**Collected material**.
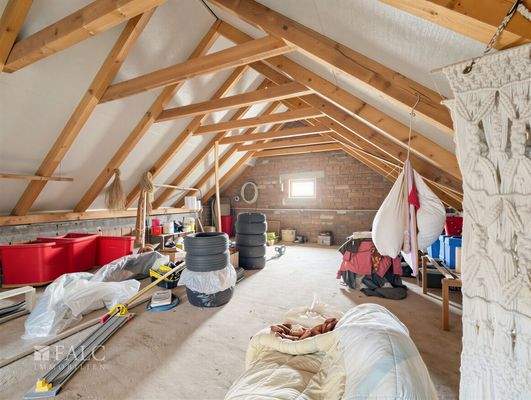 Dachboden - (KI generiert)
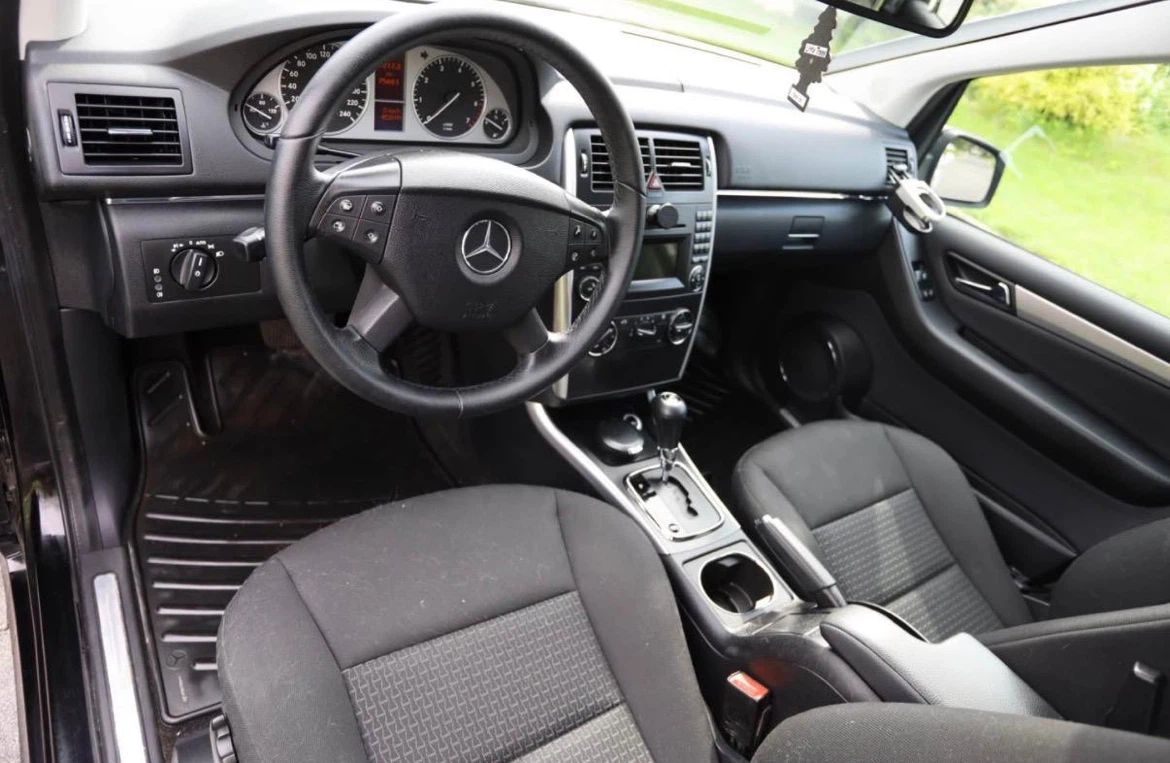 Mercedes-Benz B200 - photo 2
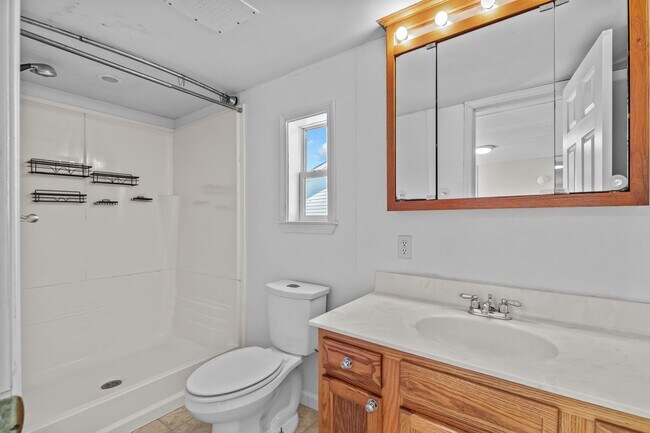 Building Photo - 119 Starwood Cir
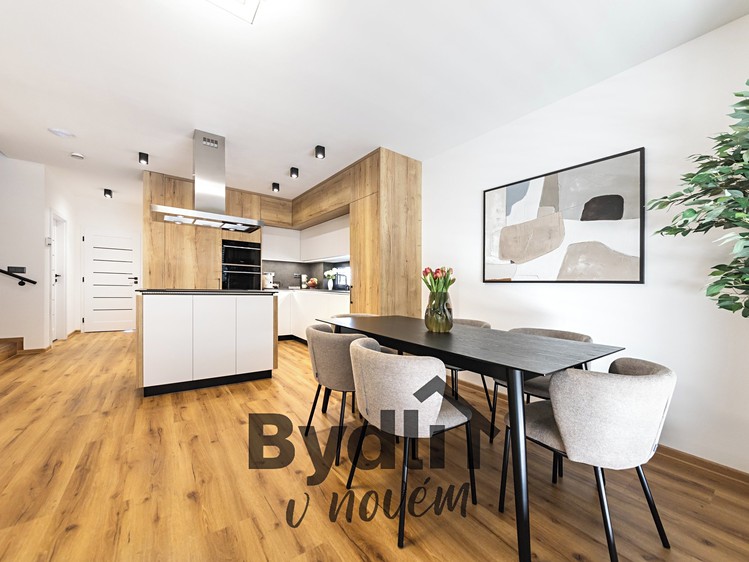 Prodej rodinného domu 121 m², pozemek 597 m² - foto 4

**What you have to do**. Quote the data exactly, leaving every image out of the copy.

**Answer to the exercise**.
 Dachboden - (KI generiert)
 Mercedes-Benz B200 - photo 2
 Building Photo - 119 Starwood Cir
 Prodej rodinného domu 121 m², pozemek 597 m² - foto 4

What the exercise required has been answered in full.